L’émigration ivoirienne vers l’Europe connaît paradoxalement une croissance exponentielle sous la gouvernance de M. Ouattara alors que le pays n’était traditionnellement pas un pays pourvoyeur de migrants clandestins. A l’analyse, il existe une étroite corrélation entre la pauvreté dans les pays de départ et l’émigration. Un rapport du ministère italien de l’Intérieur établissant les quotas des migrants clandestins qui accèdent chaque jour aux frontières de l’Italie par la mer place la Côte d’Ivoire en première position avec 839 de ses ressortissants qui ont franchi les côtes italiennes de janvier à février 2017. Ces chiffres sont confirmés par l’Organisation Internationale pour les Migrations (OIM).

Selon cette organisation, en 2016, 12396 migrants ivoiriens dont 1631 femmes, 173 mineurs accompagnés et 1729 mineurs non accompagnés, ont débarqué sur les côtes italiennes.

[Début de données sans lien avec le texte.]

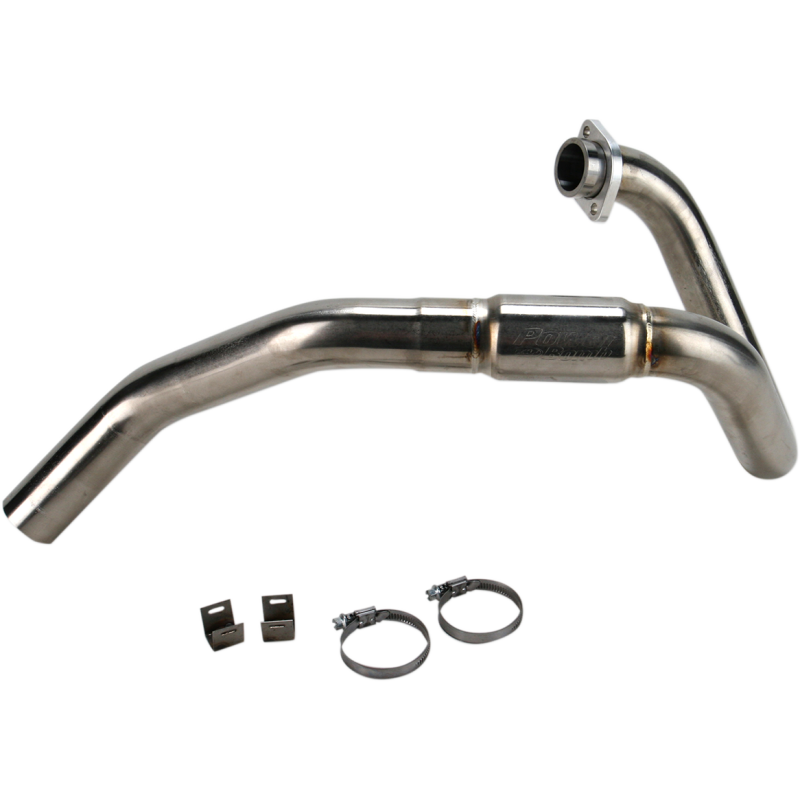 FMF 97-22 DR650SE P-BOMB HEADER S/S 043289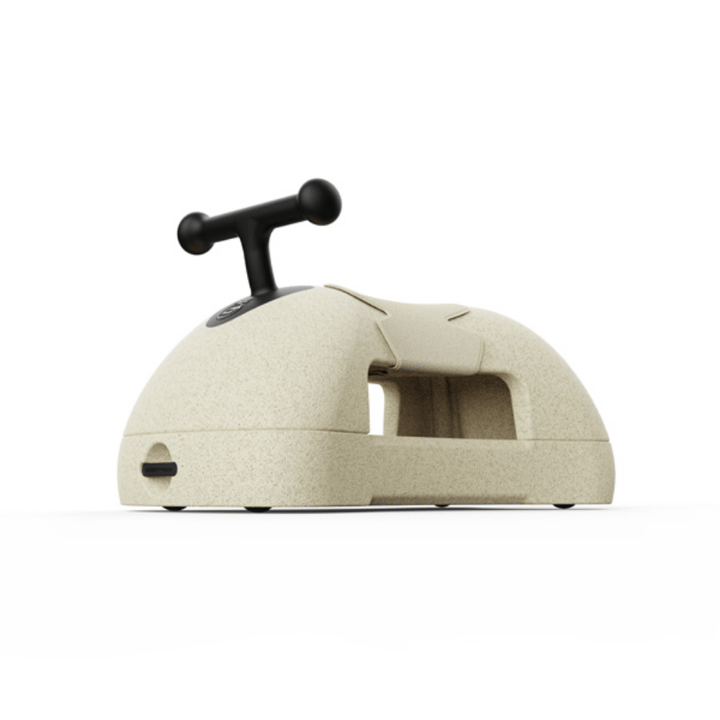 3-i-1 Gå-Vagn - Sand Scoot & Ride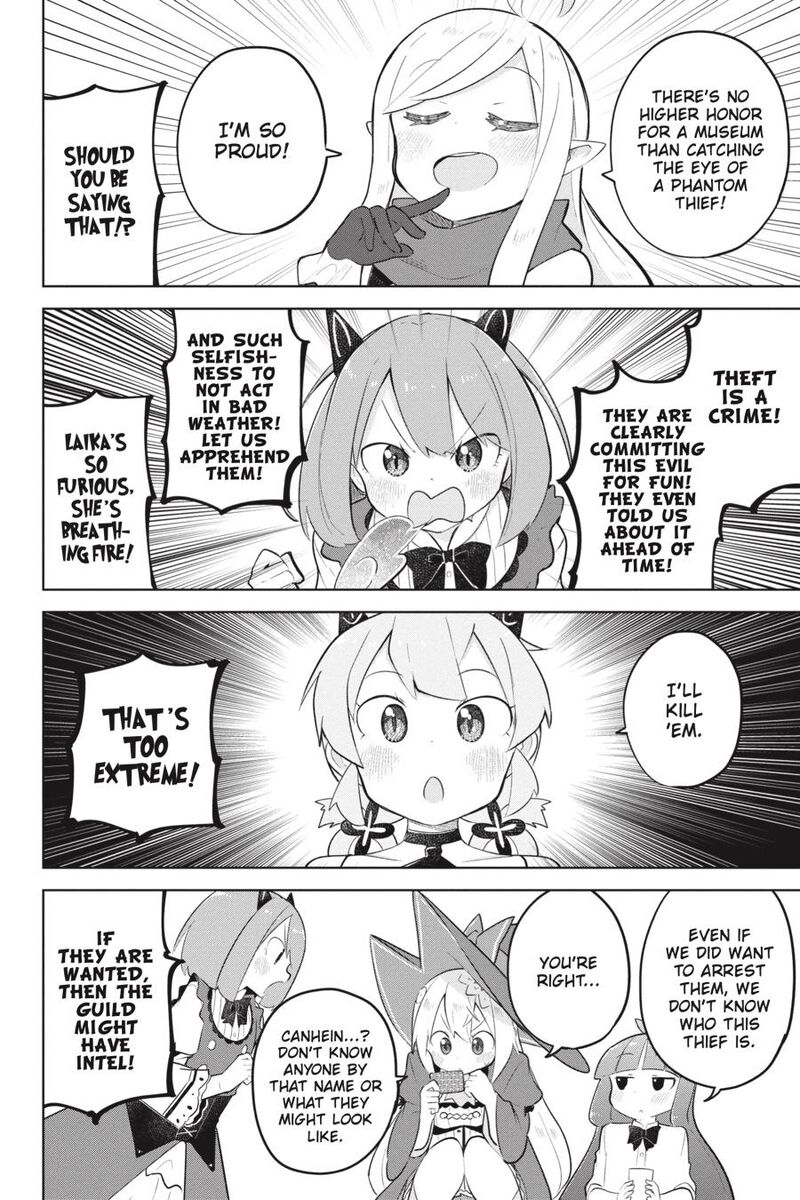 Slime Taoshite 300 Nen Shiranai Uchi Ni Level Max Ni Natte Shimatta Chapter 87 Page 16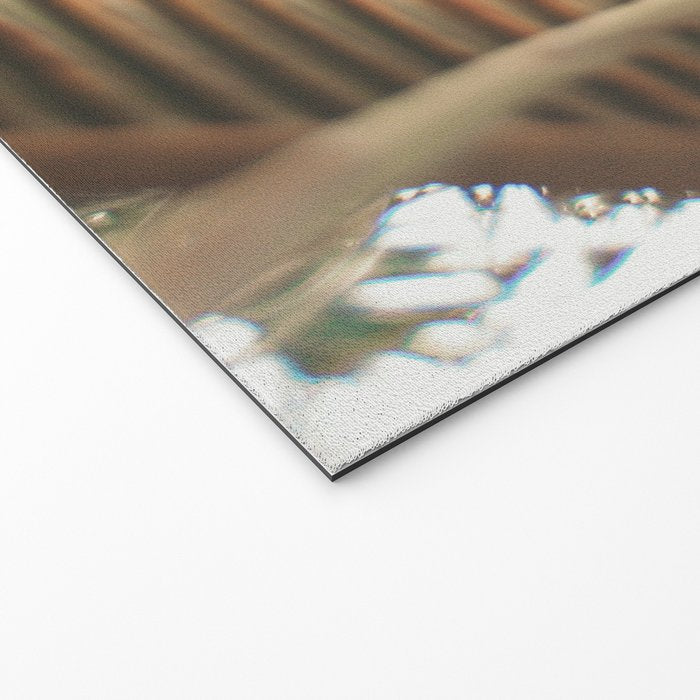 Curvy Welcome Mat Gallery Image 2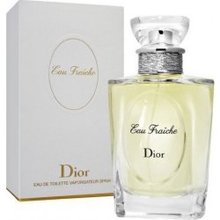 Christian Dior Eau Fraiche EDT 100 ml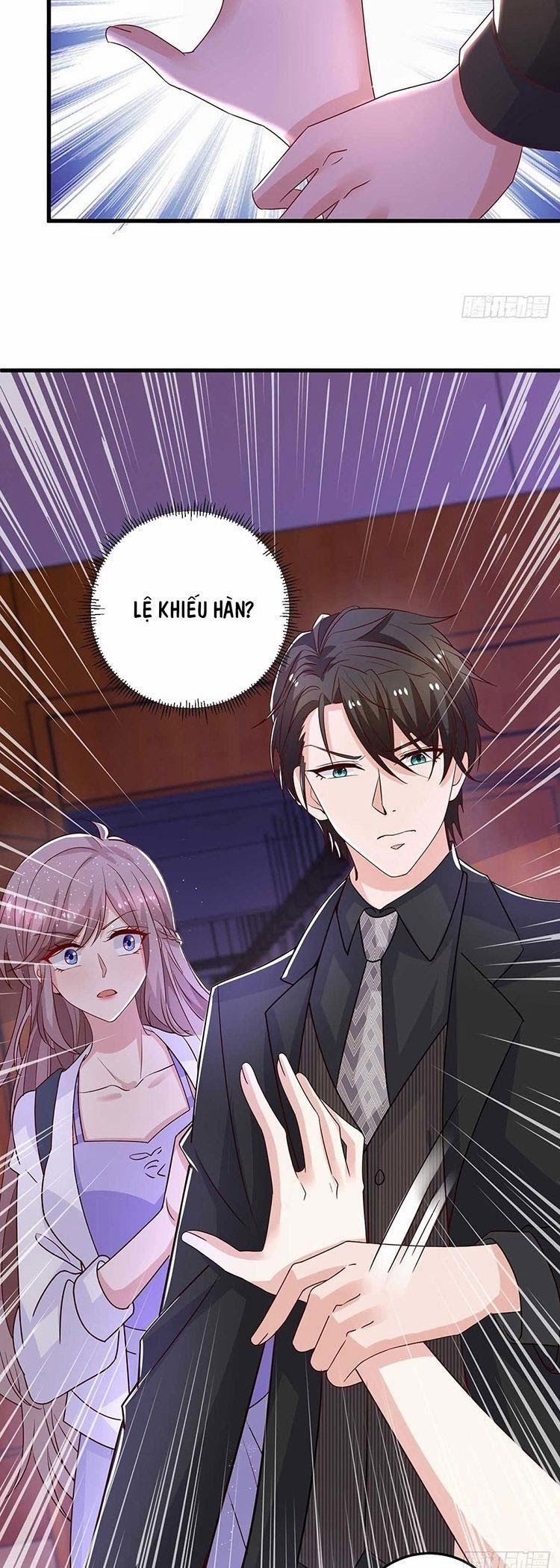 Sự Trả Thù Của Nữ Vương 27 trang 2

La guerre postélectorale de 2010-2011 et son corollaire d’exactions et de chasse à l’homme ont occasionné un départ massif d’Ivoiriens vers des cieux plus cléments. En 2014, la Côte d’Ivoire occupait le 14e rang mondial des nationalités comptant le plus de réfugiés, avec 809.312 réfugiés, soit 1,5% du total mondial établi à 52, 9 millions de réfugiés. A l’échelle du continent, elle était en 7e position. En mai 2016, le nombre total de réfugiés ivoiriens dans la sous-région africaine s’établit à 44894 personnes. Ces réfugiés ivoiriens se trouvent pour la plupart au Liberia (21.235 personnes), au Ghana (11.423 personnes réparties dans 03 camps du Haut Commissariat des Nations Unies pour les Réfugiés : Ampain , Fettenta, Agyekrom, en Guinée (7389 personnes), au Togo (2512 personnes), au Mali (1022 personnes), au Cameroun (313 personnes), en Mauritanie (272 personnes), en Gambie (250 personnes), au Maroc (218 personnes), au Bénin (180 personnes), au Niger (55 personnes) et au Burkina (10 personnes).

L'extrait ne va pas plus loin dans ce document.